The plain text of Section 1981 manifests Congress’s intent to confer on “persons within the jurisdiction of the United States ... the same [enumerated] right[s] in every State and Territory.” 42 U.S.C. § 1981(a) (emphases added).' Far from evincing any intent on the part of Congress to “apply [the] statute beyond our borders,” Gatlin, 216 F.3d at 211, the “language” of Section 1981 unambiguously confirms the opposite. Moreover, nothing in the structure or history of Section 1981 suggests that Congress intended the statute to reach discrimination against individuals outside the territorial jurisdiction of the United States. Instead, as Judge Cote aptly explained,
[w]hat was eventually codified as Section 1981 originated in 1866 as part of “a major piece of Reconstruction legislation” in the wake of the Civil War. Runyon v. McCrary, 427 U.S. 160, 168 n. 8, 96 S.Ct. 2586, 49 L.Ed.2d 415 (1976). See Civil Rights Act of 1866, ch. 31, 14 Stat. 27 (1866). The object of that legislation was to make “all persons bom in the United States” citizens of the United States, and to ensure that all citizens retained the same basic rights “in every State and Territory in the United States” as “white citizens” regardless of their “race and color” and “without regard to any previous condition of slavery or involuntary servitude.” Civil Rights Act of 1866, ch. 31, sec. 1, 14 Stat. 27, 27 (1866) (emphasis supplied).

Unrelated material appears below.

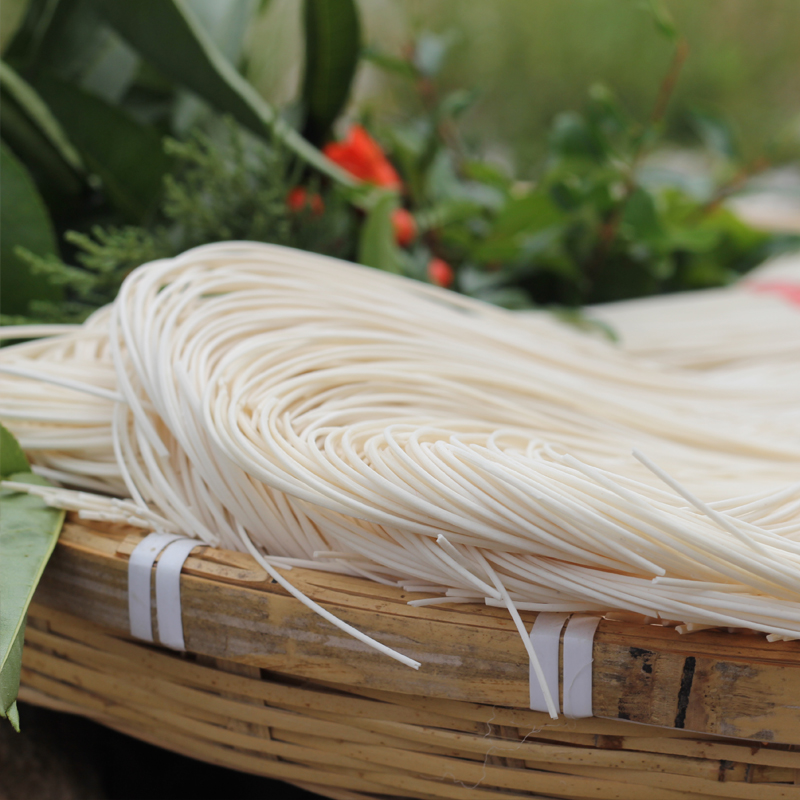 农家手工油面挂面龙须贡面湖北黄冈特产细面空心挂面2斤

*302Ofori-Tenkorang, 2005 WL 2280211, at *5 (footnote omitted).
Four years after enacting the Civil Rights Act of 1866,4 which introduced the provision that would later become Section 1981, Congress re-enacted the provision in the Voting Rights Act of 1870. That statute broadened the scope of the law to cover not merely “all persons born in the United States and not subject to any foreign power,”5 see Civil Rights Act of 1866, § 1, but rather, “all persons within the jurisdiction of the United States,” see Voting Rights Act of 1870, § 16. The 1870 Act also retained the language referring to the provision of equal rights “in every State and Territory in the United States.” Id.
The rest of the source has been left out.